- [Work required] For the entries below, print exactly the lines between the line holding "Compressor de aparelho" and the line holding "Main__Slider__Photo:Land Rover Range", inclusive, and nothing else.
Material shown: Begin
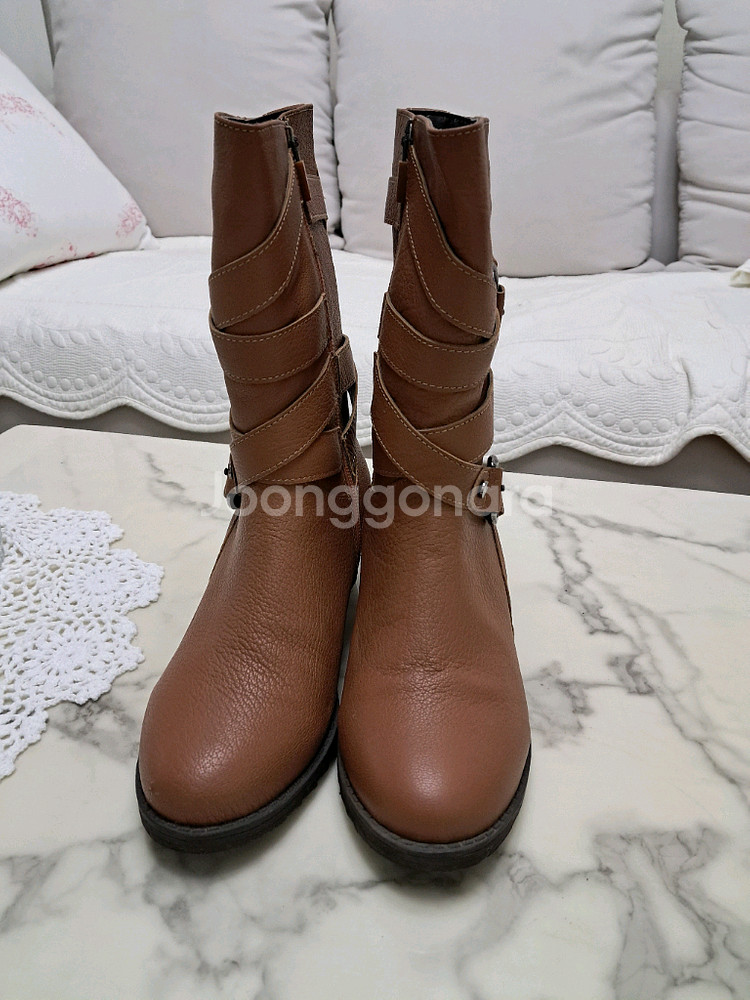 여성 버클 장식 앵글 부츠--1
Material shown: End
Material shown: Begin
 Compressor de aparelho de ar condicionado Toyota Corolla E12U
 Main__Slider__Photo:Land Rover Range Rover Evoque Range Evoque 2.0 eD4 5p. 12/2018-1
Material shown: End
Material shown: Begin
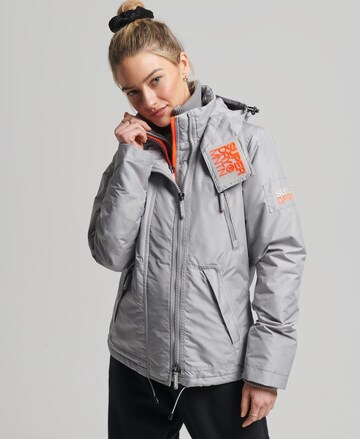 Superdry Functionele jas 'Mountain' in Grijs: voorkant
Material shown: End
- [Your solution]
 Compressor de aparelho de ar condicionado Toyota Corolla E12U
 Main__Slider__Photo:Land Rover Range Rover Evoque Range Evoque 2.0 eD4 5p. 12/2018-1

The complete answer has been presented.